Faraday Future Launches the Brand in China

Faraday Future FFZERO1 Concept © Faraday Future

At an event prior to the opening of the Beijing International Automobile Exhibition, Faraday Future (FF) launches the FF brand in China with the refreshed FFZERO1 Concept Car, an update on engineering testing and debuts FF.com. All of this happening days after FF held a ceremonial groundbreaking of its future North Las Vegas, Nevada manufacturing factory.

Faraday Future FFZERO1 Concept © Faraday Future

FF Brand Launch in China

Faraday Future FFZERO1 Concept © Faraday Future

FF makes its debut in China bringing the future of connected electric vehicles to the largest electric vehicle market in the world. After launching the brand and its FFZERO1 Concept Car at the 2016 Consumer Electronics Show (CES), FF selected the Beijing International Automobile Exhibition to make its Chinese debut, the largest automotive market in the world. The two countries, the U.S. and China, are the most important markets for the company.

FFZERO1 Concept

Faraday Future FFZERO1 Concept © Faraday Future

The company’s first ever concept, the FFZERO1, is a high performance electric vehicle designed to leverage the power of FF’s Variable Platform Architecture (VPA). The VPA is a modular engineering system optimized for electric vehicles, on which all future FF production vehicles will be based.

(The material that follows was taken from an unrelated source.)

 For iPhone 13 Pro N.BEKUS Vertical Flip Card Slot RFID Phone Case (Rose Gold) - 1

“The FFZERO1 Concept is an amplified version of the design and engineering philosophies informing FF’s forthcoming production vehicles,” said Richard Kim, Head of Design, Faraday Future. “This project liberated our designers and inspired new approaches for vehicle forms, proportions and packaging that we can apply to our upcoming production models.”

Connectivity

Faraday Future FFZERO1 Concept © Faraday Future

User-centric design is core to FF’s product development approach. Like future FF production models, the FFZERO1 Concept has a sense of its drivers’ needs: featuring adaptive personalization, seamless transfer of custom vehicle configurations, access to live images and real time data visualization.

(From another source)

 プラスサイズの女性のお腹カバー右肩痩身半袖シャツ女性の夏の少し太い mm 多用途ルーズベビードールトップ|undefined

FF takes a literal integration approach with the most customizable and personal device users own today – their smartphones. FFZERO1 Concept directly incorporates the user’s device into the steering column, representing the intersection of technology and automotive engineering. Conceptually, this setup could enable the smartphone to serve as the interface between the vehicle and the driver in – and outside – of the car.

The FFZERO1 Concept explores autonomous features for the future, such as the vehicle meeting its driver at the track and perhaps taking a few perfect laps on its own to compare with, and improve upon, its driver’s performance.

Interior

Faraday Future FFZERO1 Concept © Faraday Future

A core FF philosophy is to design from the inside out. The FFZERO1 Concept’s interior is primarily white with a carbon fiber finish – a pure and extremely clean aesthetic, atypical for combustion engine race cars, but reflective of a clean, quiet electric vehicle.

Faraday Future FFZERO1 Concept © Faraday Future

Faraday Future FFZERO1 Concept © Faraday Future

Inspired by NASA research, the single-seat configuration offers a comfortable, near-weightless body position, holding the driver at a perfect 45-degree angle, thereby helping to promote optimum circulation and focus when driving on the limits.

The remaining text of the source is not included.